**RECORDS SUPPLIED:**
--------------------

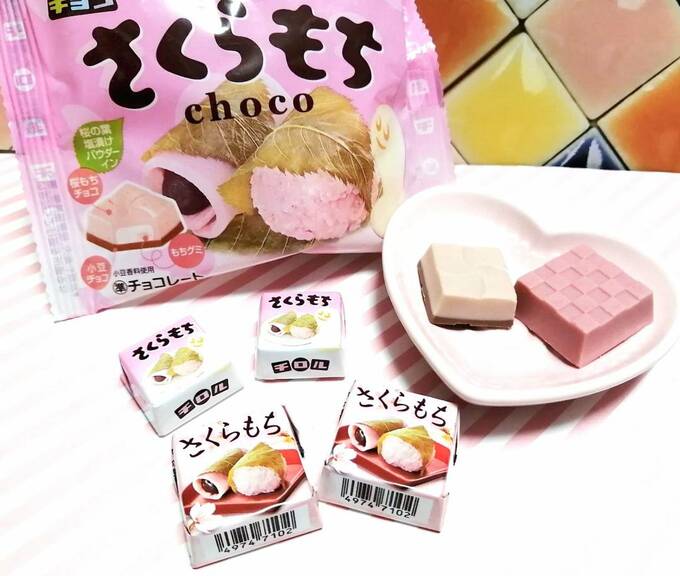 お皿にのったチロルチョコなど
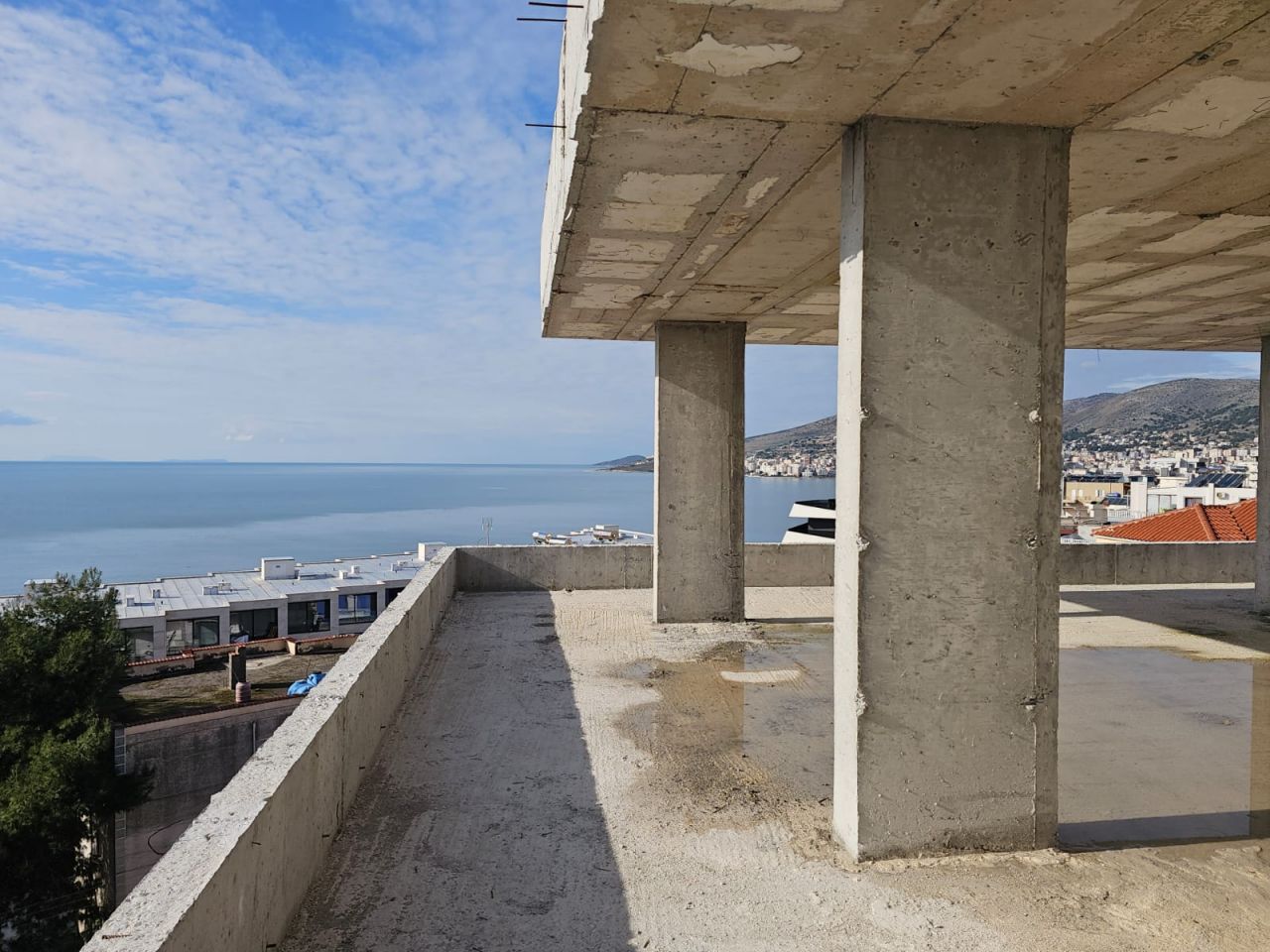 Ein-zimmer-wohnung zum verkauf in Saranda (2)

--------------------

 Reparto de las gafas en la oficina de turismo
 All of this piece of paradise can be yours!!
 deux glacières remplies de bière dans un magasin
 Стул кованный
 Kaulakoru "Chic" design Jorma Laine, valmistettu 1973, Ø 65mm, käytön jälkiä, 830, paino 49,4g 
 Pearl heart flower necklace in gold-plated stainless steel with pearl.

--------------------

**WHAT THE TASK REQUIRES:** Everything above from the line with "All of this piece of paradise can be yours!!" to the line with "Pearl heart flower", both included, must be repeated exactly, and nothing outside that range.

**TASK SOLUTION:**
 All of this piece of paradise can be yours!!
 deux glacières remplies de bière dans un magasin
 Стул кованный
 Kaulakoru "Chic" design Jorma Laine, valmistettu 1973, Ø 65mm, käytön jälkiä, 830, paino 49,4g 
 Pearl heart flower necklace in gold-plated stainless steel with pearl.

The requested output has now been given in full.